The last book I read while I was in Thailand was a sort of autobiography by Amy Tan called “The Opposite of Fate” in which the author touches upon the topic of place and language. Tan writes about the relationship language has with culture and the way in which Mandarin Chinese has no word for “yes” or “no,” which might relate to that people’s inability to be specific. Relating that to myself, I have found it difficult to bring some of the virtues of my experience in Thailand back home because my place and language have little recognition of some of the Buddhist tenets prevalent in Thailand. For example, remaining in the present is much easier to do while using the Thai language because that language has very indistinct past and future tenses. That’s an aspect of grammar that directly reflects culture, or, more likely, the other way around.
Tan’s mention of the symbiotic relationship between culture and language was one that I’d heard before and one that I’d discovered on my own as I became fluent in Thai throughout the course of last year. At present, however, it is all the more applicable. As friends and acquaintances ask me how I’ve changed, and try to discern the differences between pre- and post-exchange me, they invariably come up with few, and I think the reason for that is simply the language I speak. As long as I am using my American English I can only be the American me whereas if I were to speak Thai, I would act as Thais do and therefore changes visible in me are less apparent.

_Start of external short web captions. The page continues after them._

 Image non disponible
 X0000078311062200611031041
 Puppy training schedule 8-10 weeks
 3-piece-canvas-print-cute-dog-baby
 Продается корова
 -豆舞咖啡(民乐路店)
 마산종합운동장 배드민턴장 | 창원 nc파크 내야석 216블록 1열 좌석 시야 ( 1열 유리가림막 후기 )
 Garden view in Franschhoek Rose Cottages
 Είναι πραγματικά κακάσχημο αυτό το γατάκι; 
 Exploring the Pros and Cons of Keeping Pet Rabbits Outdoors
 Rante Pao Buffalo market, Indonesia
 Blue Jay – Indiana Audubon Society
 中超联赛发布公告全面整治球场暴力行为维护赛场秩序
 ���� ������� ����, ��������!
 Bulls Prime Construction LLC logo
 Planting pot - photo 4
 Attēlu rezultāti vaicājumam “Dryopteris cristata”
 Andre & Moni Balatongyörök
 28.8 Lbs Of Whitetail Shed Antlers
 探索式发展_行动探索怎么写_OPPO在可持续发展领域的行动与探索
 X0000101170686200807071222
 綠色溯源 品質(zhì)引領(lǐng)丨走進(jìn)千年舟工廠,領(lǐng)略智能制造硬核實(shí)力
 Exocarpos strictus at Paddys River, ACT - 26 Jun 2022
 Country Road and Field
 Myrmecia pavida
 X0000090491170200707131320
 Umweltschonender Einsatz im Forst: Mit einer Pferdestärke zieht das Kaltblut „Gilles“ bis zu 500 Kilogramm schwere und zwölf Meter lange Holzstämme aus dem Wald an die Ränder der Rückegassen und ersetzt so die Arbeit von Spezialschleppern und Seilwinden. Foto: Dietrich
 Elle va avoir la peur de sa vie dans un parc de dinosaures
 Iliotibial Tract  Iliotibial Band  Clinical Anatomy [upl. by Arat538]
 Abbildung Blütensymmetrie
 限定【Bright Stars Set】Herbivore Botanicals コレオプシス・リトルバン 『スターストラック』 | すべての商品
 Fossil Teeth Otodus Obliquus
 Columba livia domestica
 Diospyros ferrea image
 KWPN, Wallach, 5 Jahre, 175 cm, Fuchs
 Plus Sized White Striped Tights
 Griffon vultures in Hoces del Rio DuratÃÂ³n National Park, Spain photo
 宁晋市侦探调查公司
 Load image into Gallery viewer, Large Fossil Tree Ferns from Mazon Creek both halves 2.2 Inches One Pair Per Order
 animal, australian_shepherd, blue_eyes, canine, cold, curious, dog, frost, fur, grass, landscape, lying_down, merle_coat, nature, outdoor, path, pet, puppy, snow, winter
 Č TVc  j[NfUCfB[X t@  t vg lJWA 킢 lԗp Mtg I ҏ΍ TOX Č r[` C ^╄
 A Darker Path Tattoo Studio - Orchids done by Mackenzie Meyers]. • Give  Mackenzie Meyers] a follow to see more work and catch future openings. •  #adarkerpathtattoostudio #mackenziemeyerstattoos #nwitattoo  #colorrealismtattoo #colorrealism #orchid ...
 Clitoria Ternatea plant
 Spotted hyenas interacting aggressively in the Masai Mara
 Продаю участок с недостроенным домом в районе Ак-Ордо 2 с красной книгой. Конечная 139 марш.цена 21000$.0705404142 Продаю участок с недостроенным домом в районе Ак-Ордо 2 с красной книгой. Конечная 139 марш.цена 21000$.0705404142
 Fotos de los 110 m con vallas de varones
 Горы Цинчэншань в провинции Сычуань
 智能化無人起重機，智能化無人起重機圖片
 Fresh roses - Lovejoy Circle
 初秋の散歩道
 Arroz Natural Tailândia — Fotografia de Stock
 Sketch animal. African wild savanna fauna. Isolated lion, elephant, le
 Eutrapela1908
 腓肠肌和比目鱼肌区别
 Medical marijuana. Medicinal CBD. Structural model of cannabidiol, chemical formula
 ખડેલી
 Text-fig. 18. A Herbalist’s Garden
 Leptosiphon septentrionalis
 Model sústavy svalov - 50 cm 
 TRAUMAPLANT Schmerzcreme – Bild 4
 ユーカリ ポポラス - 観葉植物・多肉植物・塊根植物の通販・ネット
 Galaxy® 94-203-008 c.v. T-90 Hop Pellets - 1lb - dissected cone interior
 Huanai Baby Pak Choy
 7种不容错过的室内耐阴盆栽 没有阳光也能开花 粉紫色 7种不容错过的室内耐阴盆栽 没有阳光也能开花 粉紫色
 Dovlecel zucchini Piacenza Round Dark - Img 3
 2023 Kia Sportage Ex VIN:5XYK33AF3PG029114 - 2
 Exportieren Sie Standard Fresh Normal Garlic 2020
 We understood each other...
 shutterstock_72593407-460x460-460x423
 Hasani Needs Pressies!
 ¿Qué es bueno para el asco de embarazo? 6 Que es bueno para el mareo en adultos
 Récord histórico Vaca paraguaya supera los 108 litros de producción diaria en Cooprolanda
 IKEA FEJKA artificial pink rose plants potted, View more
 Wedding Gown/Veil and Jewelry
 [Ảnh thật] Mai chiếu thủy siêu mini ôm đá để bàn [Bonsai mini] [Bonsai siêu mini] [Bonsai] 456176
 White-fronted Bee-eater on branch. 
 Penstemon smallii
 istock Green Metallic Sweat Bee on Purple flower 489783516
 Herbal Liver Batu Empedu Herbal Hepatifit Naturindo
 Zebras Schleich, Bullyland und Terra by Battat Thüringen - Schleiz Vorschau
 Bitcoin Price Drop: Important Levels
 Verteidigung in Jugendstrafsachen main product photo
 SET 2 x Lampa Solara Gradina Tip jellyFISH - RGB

Having to put my experience in the past tense, i.e., “When I was in Thailand,” might be the most irritating aspect of re-entry because it seems to intensify my resolve that those 10 months were nothing more than a dream. Saying and thinking that puts an inappropriate distance between something that is still only three weeks passed. Staying in the present, however, can remedy both the issue of longing to be somewhere in the past and the daunting outlook of the future. The discouraging prospect of world traveler-turned-high school junior can only be eased by focusing on the here and now, a Thai would be quick to point out. Of course, world traveler-turned-anything is all but easy so it’s doubly important that I move forward conscious of only the positives of re-entry.